Total foreign and local currency company debt in ‘emerging market’ economies increased more than four-and-a-half times over the decade to mid-2015, from $5.4 trillion to $24.4 trillion, equivalent to 90% of ‘emerging market’ GDP (Institute for International Finance). Foreign currency debt rose from $900bn to $4.4 trillion over the same period. These debts are vulnerable to a falling renminbi and other ‘emerging market’ currencies as banks find it more difficult to raise funding abroad and are less able to roll over company loans. Exporters in ‘emerging market’ countries have also been hit hard by the global fall in commodity prices brought about by the slowdown in Chinese economic growth.

The net outflow of capital from ‘emerging market’ economies in 2015, at $759bn, was much worse than estimated. The level of stressed foreign currency debt – trading at more than 7 percentage points above the yield on comparable US bonds – reached $221bn on 15 January, passing the previous peak of $213bn reached at the height of the global financial crisis in December 2008.

Investors take fright

‘Sell everything except high quality bonds. This is about return of capital, not return on capital. In a crowded hall, exit doors are small,’ the Royal Bank of Scotland said in a note to its investment clients in January. It warned that investors face a ‘cataclysmic year’ in which stock markets could fall by up to 20% and oil could slump to $16 a barrel. Andrew Roberts, the bank’s credit chief, expects Wall Street and European stocks to fall by 10%–20%, with an even deeper slide for the FTSE 100, given its high weighting of energy and commodities companies. The bank’s credit team said markets are flashing stress alerts comparable to the turbulent months before the Lehman Brothers crisis in 2008.

Albert Edwards, a strategist at the Swiss bank Societe Generale, said to be the City of London’s most vocal ‘bear’ (pessimist), believes the situation will get worse. ‘Emerging market currencies’ he argues, ‘are still in freefall. The US corporate sector is being crushed by the appreciation of the dollar.’ He warned that the world is heading for a financial crisis as severe as the crash of 2008/09, arguing that the oil price plunge and deflation from ‘emerging markets’ will overwhelm central banks, tip the markets and collapse the eurozone.

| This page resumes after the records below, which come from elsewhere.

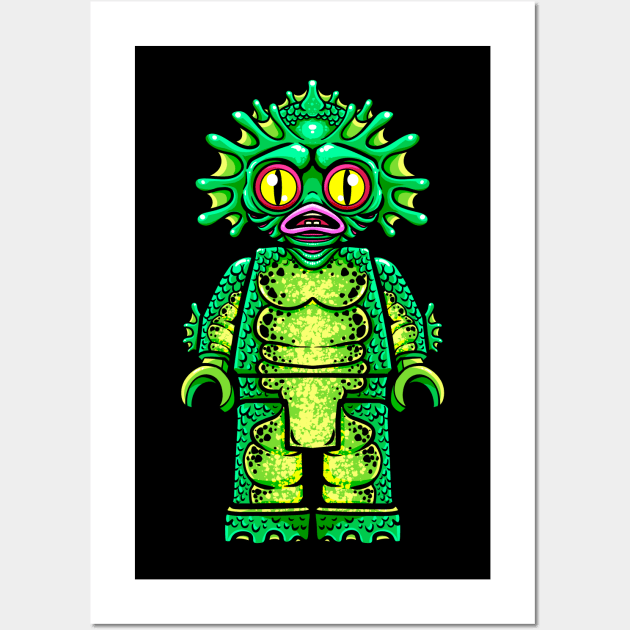 Winya no 177 Swamp Monster Wall Art by Winya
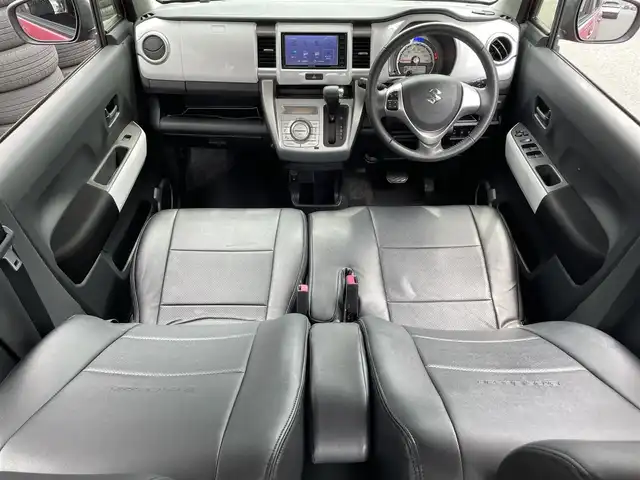 スズキ ハスラー X 滋賀県 2018(平30)年 6.1万km チアフルピンクメタリック/ホワイト2トーンルーフ 社外ナビ/(CD/DVD/フルセグ/Bluetooth)/バックカメラ/ETC/シートヒーター/アイドリングストップ/ステアリングスイッチ/前後ドラレコ/スマートキー/プッシュスタート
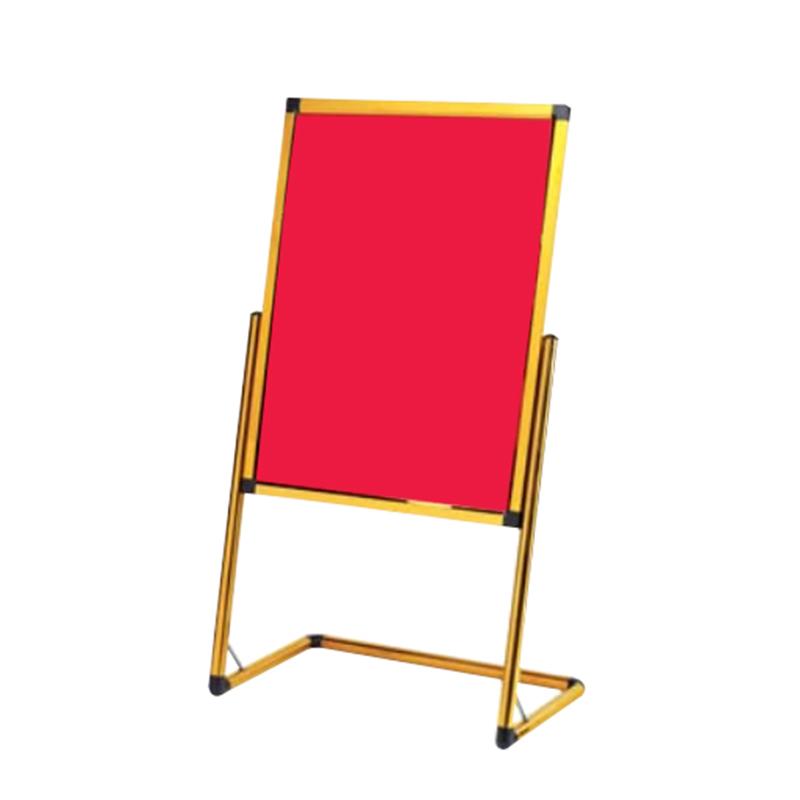 月桐 L型脚指示牌60×80×120cm 钛金色 YT-XZSP30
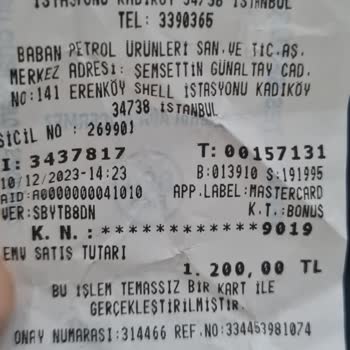 Shell Pratik Kart Yakıt Alımı Sorunu
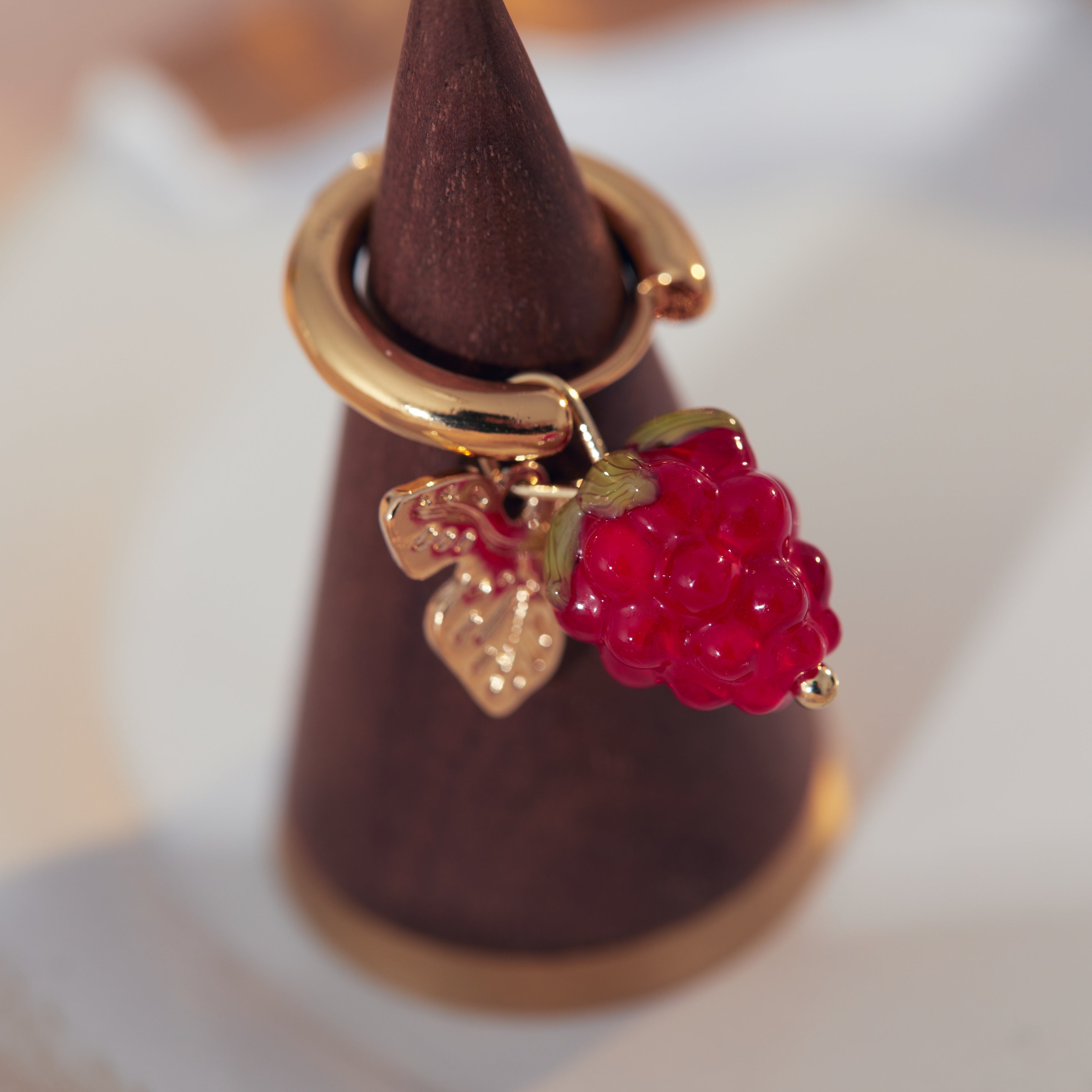 Cottage Core Raspberry Cute Raspberry Earrings– The Cottagecore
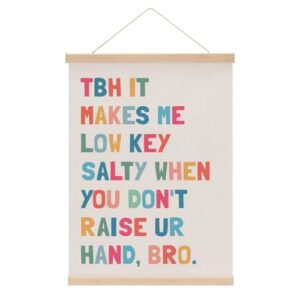 Funny Teacher Gifts for Male English Teachers Women, Teacher Classroom Must Haves, Classroom Wall Decor Canvas Banner Wall Hanging Banner Flag Decor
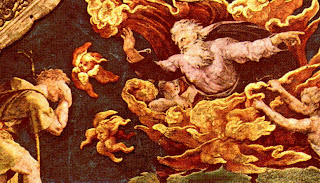 Raphael, 'The Burning Bush' (detail)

William White, the former chief economist of the Bank of International Settlements, the organisation which represents the world’s central banks, and now working for the OECD, shares this outlook: ‘The situation is worse than it was in 2007. Our macroeconomic ammunition to fight downturns is essentially all used up.’ Debts have continued to build up over the last eight years, many of which will never be serviced or repaid. He believes that the global financial system has become dangerously unstable and faces an avalanche of bankruptcies that will test social and political stability.

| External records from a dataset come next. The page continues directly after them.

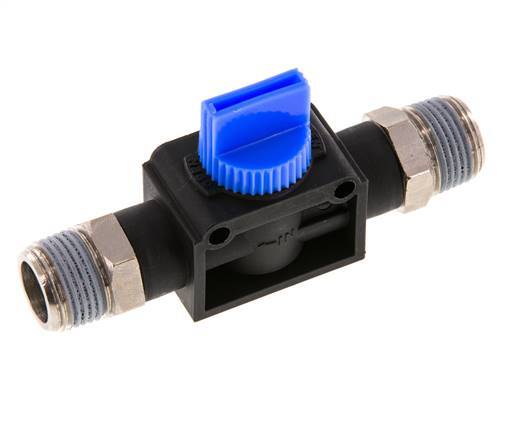 3/2-Wege-Absperr-Handventil R3/8'' Kunststoff/Messing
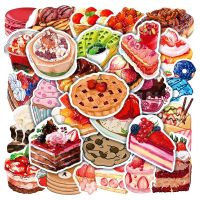 10/30/50PCS Ins Wind Net Red Dessert Gourmet Food Graffiti Stickers Water Cup Luggage Laptop Water Cup Stickers Wholesale Stickers Labels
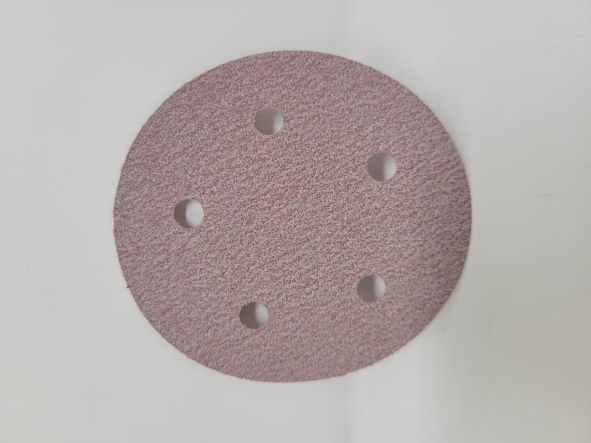 5"GOLD VELCRO DISC W/HOLE 40GRT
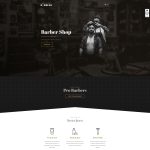 Web mẫu – Shop dịch vụ cắt tóc Barber shop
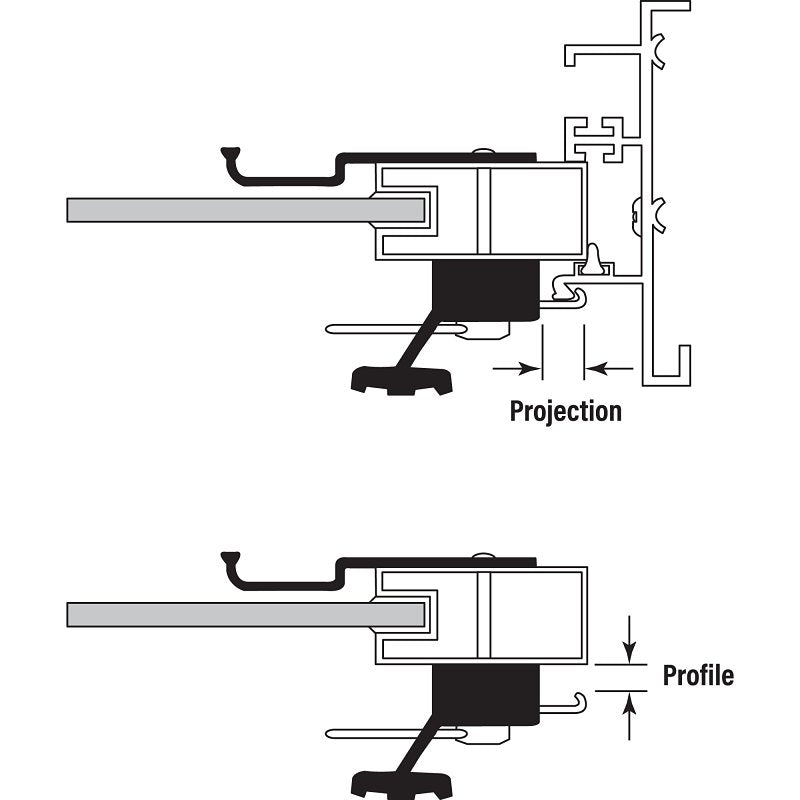 Prime-Line C 1006 Handleset, Aluminum, Anodized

Clearly such a scenario was not in the minds of the US Federal Reserve in mid-December 2015 when it raised interest rates for the first time since December 2008, from 0.25% to 0.5%, confident that the US economy was on the mend. It is a gamble that the US Fed could regret, as recent events begin to demonstrate.

Knee jerk responses

So acute is the crisis and so edgy are investors that every new statistic, every rumour, and every significant statement by ‘expert’ economists and politicians leads to knee-jerk responses from the markets.

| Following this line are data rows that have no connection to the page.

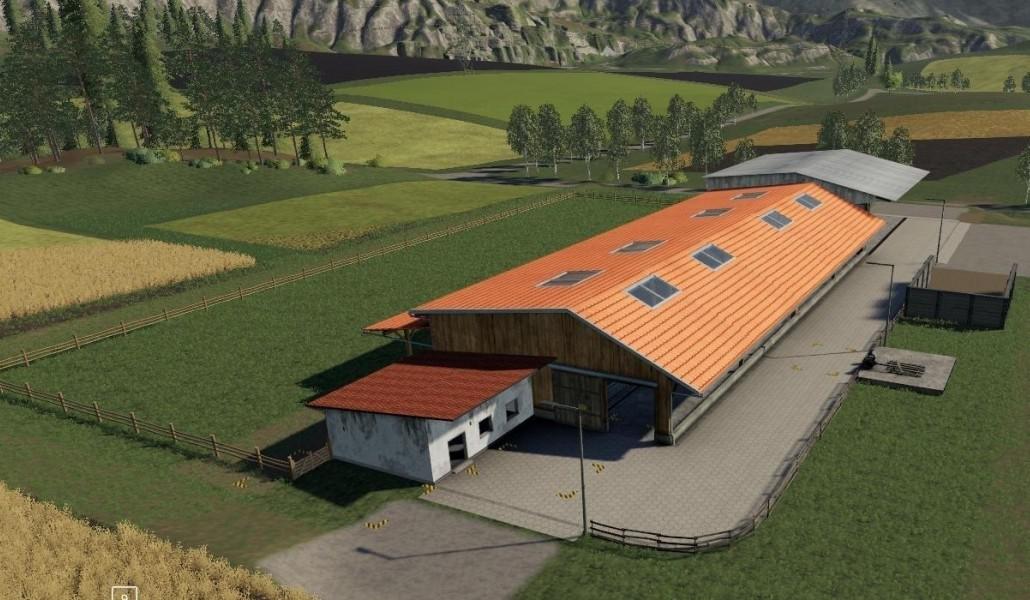 Placeable cow pasture / dairy farm v1.0 FS19 Farming Simulator 19 Mod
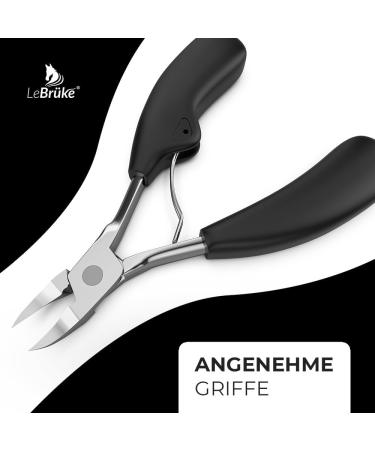 Lebr ke Nail Clippers for Thick & Ingrown Nails | Premium Toenail & Fingernail Scissors - International Shipping - Buy Online on GoSupps.com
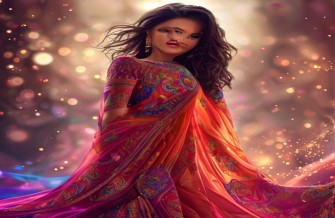 Saree Actress HD Wallpaper 1080p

The first week in January saw the worst start to a year for world stock markets in at least 20 years, following China’s falling stock market and currency depreciations. A larger than expected rise in US jobs of 290,000 in December 2015 led to an initial climb in the US S&P 500 index, but as reality hit home it fell again, registering a loss of around 5% over the week, the second worst start to a year since at least 1929. The FTSE All-world index lost 5.6%, the worst 5-day start to a new year since at least 1994.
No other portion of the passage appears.